Secondly, drone photographs can enhance your innovative intent, including emotional heft and underscoring the adage ‘show don’t tell’.

For example, you can bring up incredible moments in your movie using a sweeping drone shot, possibly beginning your shoot on your characters and pulling back extreme and broad to locate them inside a breath-taking scenery, imposing environment or impending peril. Seeing a bubbling volcano from the top down for example is a rare and spectacular treat and one that can be accomplished with a drone (albeit a tough challenge).

Drones permit an unencumbered view of your film’s world.

From viewing above a street party to hovering above mountains, drones can be used to beef up your storytelling (documentary, drama or any different manufacturing genre); it is precious to have this unique tool.

There are very expensive drones available on the market used for cinema-grade cameras on large productions. Still, with cautious planning and a simple consumer-grade drone, film-makers can add varying degrees of creativity, value, and, most of all, beautiful storytelling to even their most modest productions.

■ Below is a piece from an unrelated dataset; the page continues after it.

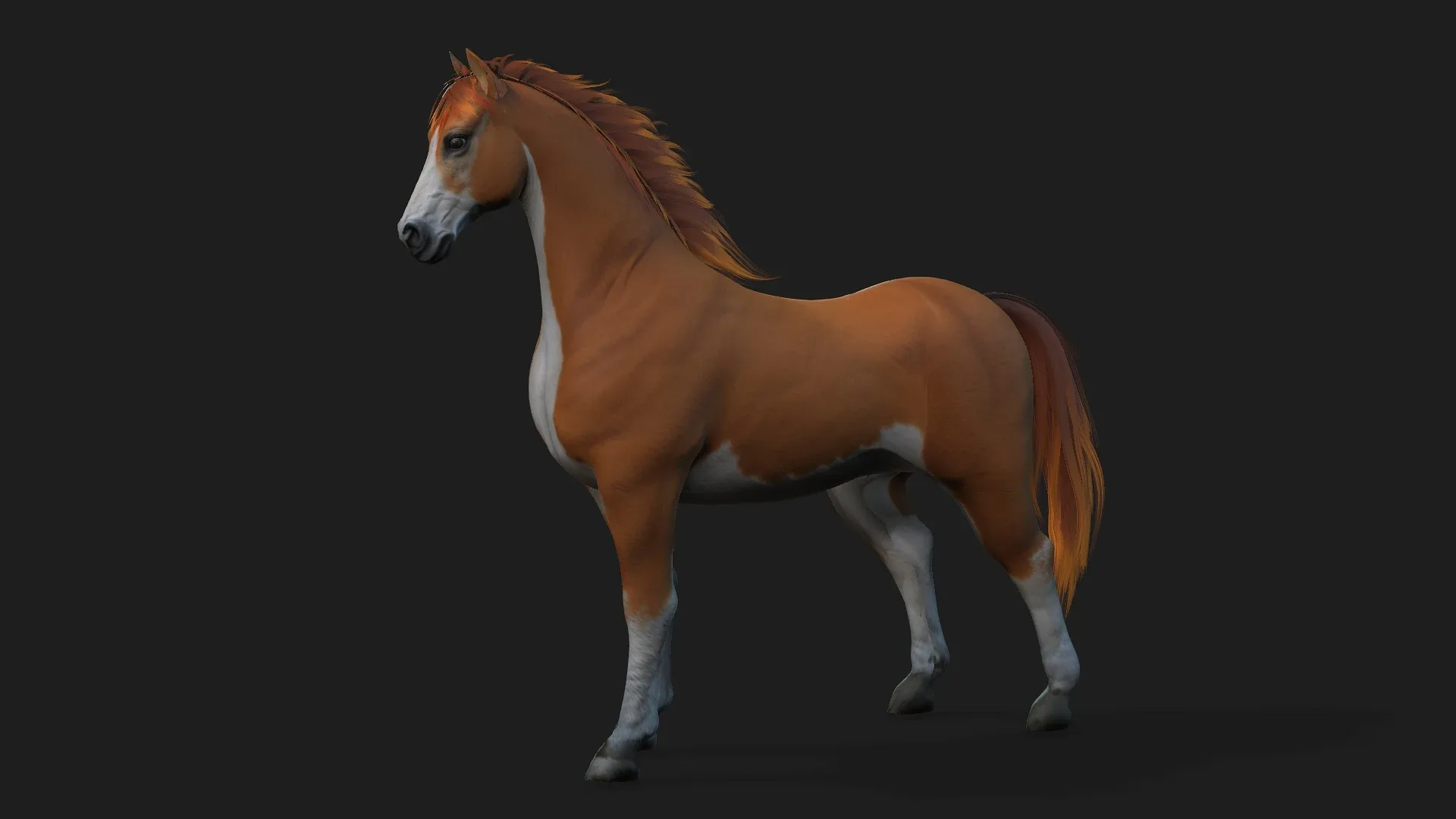 Horse_A2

Below, I’ll lay out some of the motives you need to think about when using a drone in your productions.

Production Value

Previously, film-makers were restricted to using the height of a floor-standing digicam crane or a helicopter to shoot a movie from above. Drones have filled that gap by reducing the production cost.

In a business environment, you from time to time want that appealing ‘wow factor’ to persuade a potential customer that you are the right individual for the project. Suppose narrative fiction or documentary is your field. In that case, a beautiful drone shot will add value to your production and get these all-important competition programmers, acquisition executives or on-line audiences to sit-up and take the word of your movie over your competition.

 

Unusual Point-of-View

Like any shot or lens choice, the aerial photograph can add that definition and emphasis to your content. This applies equally to the digital camera’s literal positioning and a drone’s use to symbolize the film’s valid POV of concern.

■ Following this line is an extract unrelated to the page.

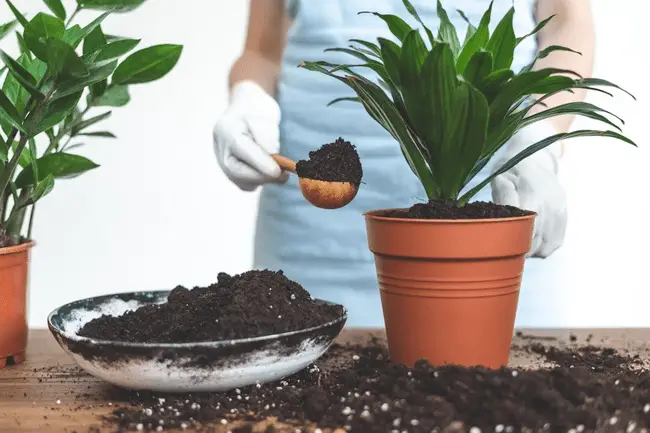 Person adding soil to potted plant with wooden spoon in bright indoor setting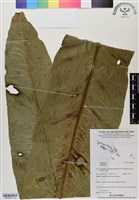 登錄號:BP03037藏品圖，第1張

For a digicam position, a drone shot gives the target market with a reasonably particular view from which to perceive your film, forcing the viewer to assume its meaning of the show’s content material.

Drifting drone photographs can bring loneliness, isolation and detachment or, conversely, openness, potential, nature and peace. The way they are advised is described via context; what precedes and follows your drone shot will be influenced by its meaning.

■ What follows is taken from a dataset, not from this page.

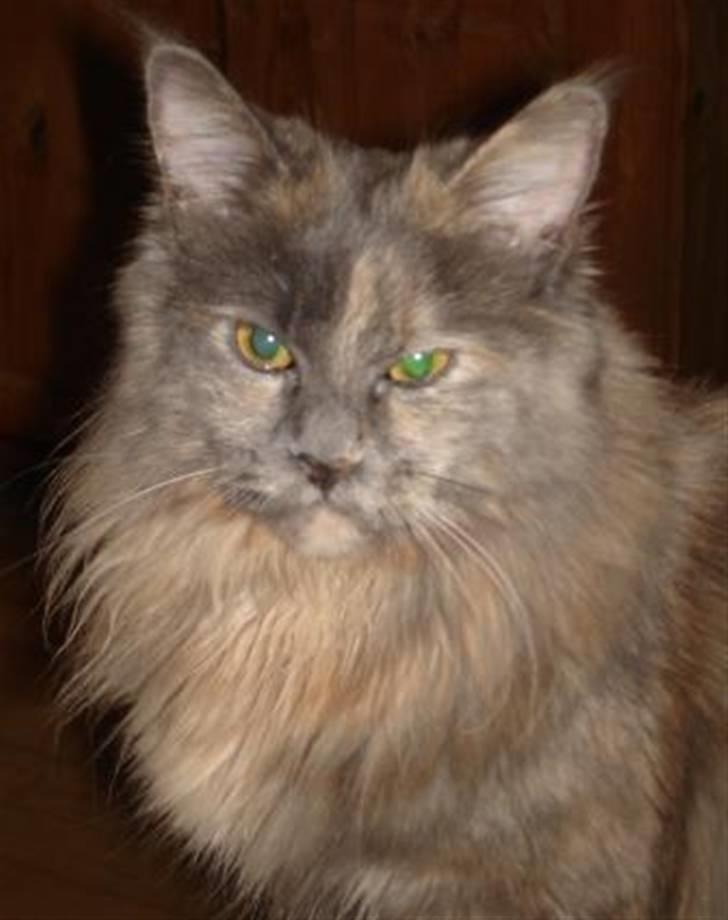 Maine Coon Blue Diamond billede 2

Fascinating use of this uncommon angle is the work of New Zealand-based photographer Tim Whittaker, whose use of a drone to seize the actions of sheep being herded in fields created notable results.

The camera’s distance reduces the sheep and sheepdogs to a mass of moving, swirling, grouping specks and creates a sequence that is greater akin to an art movie rather than a video of rural farming. 

Safety

Drones are spectacular, with no trouble, handy and first-rate fun. But they should be used safely, and within the regulations of the location, you are at. Many international locations require a licence for drones and that they are registered with the applicable authorities accountable for civil aviation.

Before using any drone on a production, ALWAYS ensure you have the appropriate:

It is safer to ask anyone who owns and operates a drone to assist you rather than to attempt and navigate this yourself in many cases. Carefully conceived and deliberate use of a drone can add great value to the overall video quality.

Author Bio:

Charlie Jenkins is a filmmaker and content writer for Bounce Video in Oxford UK. Bounce specialises in capturing and telling emotive stories through carefully crafted and produced videos for a whole host of clients.

Richard Tiland

Richard Tiland

Bio: I’m Richard Tiland, president of New Evolution and dk3studios. I’ve always had a passion for video. Even as a kid folks were always asking me to take the camera out of their face. Over the last 15 years, as I watched video grow I grew with it. I learned not only the skills required for making a high quality video, but the marketing techniques needed to bring in the best results.